気付いていない人は注意深く読んで欲しいのだが、大抵の小説は、三人称を使っていてるものでも、地の文には視点がある。視点が変わるときには、段落が変わることが多い。

しかし、この作品にはちょくちょく作者が登場し、三人称は本当に三人称になる。場合によっては作者の一人称まで出現する。

バックボーンを解説するにはその方がいいのかもしれないが、あまりそういう小説になれていなかったので、少々、面食らった。

物語は雑誌連載の小説だったらしく、一冊としての盛り上がりと構成とが緻密に練られているという印象は少ない。

場当たり的で進んでいくため、もっとタイミングが早ければ活きたのに、これはもっと遅らせた方が効果的だったのに、というファクタも少なくない。

しかし、それより何より、この二作において特筆すべき点なのは、隆慶一郎ワールドとでもいうべき独特の史実により構築されていることである。

徳川家康がどういう末路を辿ったのか、天海僧正の正体が何なのか、徳川秀忠がどういう人物だったのか……そのあたりが、ある意味突飛に、ある意味綿密に設定されている。

そしてそのトンデモ設定が活かされることを前提とした舞台が用意されていて、物語が編まれていく。
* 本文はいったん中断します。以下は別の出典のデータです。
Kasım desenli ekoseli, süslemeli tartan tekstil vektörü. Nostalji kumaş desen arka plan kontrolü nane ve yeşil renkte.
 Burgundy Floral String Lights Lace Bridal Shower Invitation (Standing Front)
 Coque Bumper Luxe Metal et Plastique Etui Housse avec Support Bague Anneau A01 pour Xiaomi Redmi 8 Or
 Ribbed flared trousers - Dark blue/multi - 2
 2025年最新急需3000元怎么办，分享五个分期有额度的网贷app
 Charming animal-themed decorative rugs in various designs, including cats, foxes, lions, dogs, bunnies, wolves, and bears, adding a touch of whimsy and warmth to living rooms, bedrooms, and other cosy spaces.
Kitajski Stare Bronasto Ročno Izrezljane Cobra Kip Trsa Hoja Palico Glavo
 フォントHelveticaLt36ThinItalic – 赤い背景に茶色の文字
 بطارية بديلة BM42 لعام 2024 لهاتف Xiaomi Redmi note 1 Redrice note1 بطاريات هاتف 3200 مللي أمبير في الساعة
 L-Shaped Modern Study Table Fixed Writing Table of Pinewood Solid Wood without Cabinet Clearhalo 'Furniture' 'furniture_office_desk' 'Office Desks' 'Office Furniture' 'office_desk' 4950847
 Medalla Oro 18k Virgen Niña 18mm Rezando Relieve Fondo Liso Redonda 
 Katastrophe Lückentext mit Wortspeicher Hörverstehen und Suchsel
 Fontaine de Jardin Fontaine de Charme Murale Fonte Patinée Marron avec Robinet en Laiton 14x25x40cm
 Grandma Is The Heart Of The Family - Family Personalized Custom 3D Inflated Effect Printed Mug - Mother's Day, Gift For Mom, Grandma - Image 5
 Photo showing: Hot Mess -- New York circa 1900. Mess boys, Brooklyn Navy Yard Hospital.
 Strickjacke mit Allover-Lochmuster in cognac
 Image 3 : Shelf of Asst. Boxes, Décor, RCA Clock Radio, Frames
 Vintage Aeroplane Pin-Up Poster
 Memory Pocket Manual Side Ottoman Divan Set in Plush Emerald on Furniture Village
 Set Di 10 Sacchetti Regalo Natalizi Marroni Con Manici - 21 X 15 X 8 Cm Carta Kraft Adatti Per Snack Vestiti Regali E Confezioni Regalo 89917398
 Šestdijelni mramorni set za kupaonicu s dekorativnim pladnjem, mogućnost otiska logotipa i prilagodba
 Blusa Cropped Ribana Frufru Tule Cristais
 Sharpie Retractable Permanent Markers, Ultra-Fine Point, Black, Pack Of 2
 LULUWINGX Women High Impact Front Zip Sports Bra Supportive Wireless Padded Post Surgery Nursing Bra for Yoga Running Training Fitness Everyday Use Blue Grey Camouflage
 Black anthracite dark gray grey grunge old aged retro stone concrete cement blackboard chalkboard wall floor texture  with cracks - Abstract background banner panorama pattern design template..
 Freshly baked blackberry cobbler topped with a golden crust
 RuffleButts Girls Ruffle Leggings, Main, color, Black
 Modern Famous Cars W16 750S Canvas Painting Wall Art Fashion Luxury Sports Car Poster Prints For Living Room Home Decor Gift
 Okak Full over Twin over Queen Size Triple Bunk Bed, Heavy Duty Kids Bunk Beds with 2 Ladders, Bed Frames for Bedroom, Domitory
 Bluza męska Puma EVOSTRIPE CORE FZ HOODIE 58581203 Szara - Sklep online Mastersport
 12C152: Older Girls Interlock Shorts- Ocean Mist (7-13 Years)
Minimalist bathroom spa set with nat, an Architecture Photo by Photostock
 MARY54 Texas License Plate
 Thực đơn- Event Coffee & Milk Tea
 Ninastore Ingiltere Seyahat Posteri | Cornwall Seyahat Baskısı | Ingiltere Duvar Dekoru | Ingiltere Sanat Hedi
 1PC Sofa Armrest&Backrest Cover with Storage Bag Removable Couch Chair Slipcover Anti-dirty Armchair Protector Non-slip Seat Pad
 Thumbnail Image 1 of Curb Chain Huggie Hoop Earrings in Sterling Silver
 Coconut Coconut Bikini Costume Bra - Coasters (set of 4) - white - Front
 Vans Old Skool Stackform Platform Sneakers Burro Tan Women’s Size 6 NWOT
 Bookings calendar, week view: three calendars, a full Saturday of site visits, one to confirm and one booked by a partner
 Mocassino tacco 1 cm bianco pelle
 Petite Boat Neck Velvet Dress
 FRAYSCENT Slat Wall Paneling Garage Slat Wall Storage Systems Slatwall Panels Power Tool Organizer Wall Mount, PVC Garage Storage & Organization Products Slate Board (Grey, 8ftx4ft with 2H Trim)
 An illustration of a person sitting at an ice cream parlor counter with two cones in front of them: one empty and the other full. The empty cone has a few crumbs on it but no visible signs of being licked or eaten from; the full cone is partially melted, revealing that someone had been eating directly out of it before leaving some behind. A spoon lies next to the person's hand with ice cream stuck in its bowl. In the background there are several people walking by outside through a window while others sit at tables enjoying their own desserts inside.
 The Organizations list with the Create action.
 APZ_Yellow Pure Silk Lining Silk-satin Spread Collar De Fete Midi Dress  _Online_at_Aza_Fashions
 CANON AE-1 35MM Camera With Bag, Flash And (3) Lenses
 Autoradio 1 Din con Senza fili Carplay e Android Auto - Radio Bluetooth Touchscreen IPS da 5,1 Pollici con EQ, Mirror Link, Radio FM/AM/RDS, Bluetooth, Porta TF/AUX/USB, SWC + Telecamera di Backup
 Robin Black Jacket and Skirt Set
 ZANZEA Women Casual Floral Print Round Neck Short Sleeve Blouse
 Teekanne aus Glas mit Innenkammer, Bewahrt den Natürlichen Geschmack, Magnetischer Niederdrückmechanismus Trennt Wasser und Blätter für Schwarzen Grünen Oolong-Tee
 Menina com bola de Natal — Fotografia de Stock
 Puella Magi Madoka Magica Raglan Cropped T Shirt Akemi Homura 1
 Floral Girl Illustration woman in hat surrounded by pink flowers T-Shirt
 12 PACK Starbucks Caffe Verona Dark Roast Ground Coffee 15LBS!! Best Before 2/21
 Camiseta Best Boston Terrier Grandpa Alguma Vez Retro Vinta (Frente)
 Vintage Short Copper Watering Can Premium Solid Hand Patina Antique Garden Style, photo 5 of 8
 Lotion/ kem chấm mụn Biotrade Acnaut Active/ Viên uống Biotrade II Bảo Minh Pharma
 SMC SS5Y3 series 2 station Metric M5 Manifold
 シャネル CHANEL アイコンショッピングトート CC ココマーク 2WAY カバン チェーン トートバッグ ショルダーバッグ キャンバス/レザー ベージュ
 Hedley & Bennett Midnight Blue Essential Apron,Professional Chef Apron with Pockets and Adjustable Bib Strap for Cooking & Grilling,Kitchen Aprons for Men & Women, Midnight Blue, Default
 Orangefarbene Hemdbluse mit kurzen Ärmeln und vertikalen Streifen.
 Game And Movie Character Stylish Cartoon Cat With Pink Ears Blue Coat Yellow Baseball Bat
設定は活かされるべくして活かされる。なんというかそのイキオイが大事なのだ。

だからといって、この作品は、単なるトンデモ史実小説ではない。この作品を幻想的な神話として成立させる為に、トンデモ史実がセレクトされた、と考えた方がいいのだろう。

これは、おそらく後に書かれた『一夢庵風流記』や『影武者徳川家康』にも通じるものだと思われる。

そのプロトタイプというべきものがここにある。

とりあえず、『かくれさと苦界行』で誠一郎のライバルともいうべき柳生義仙の魂は解放され、誠一郎とおしゃぶも子を成したので、一応の結末ととることもできる。

だが、『かくれさと苦界行』の巻末に寄せられた縄田一男の解説によれば、このシリーズは四部作だったとのことである。

「上野寛永寺が幕府の対吉原要塞となるはずだった」などというのを見てしまうと、続きがどうなるのか気になってしまう。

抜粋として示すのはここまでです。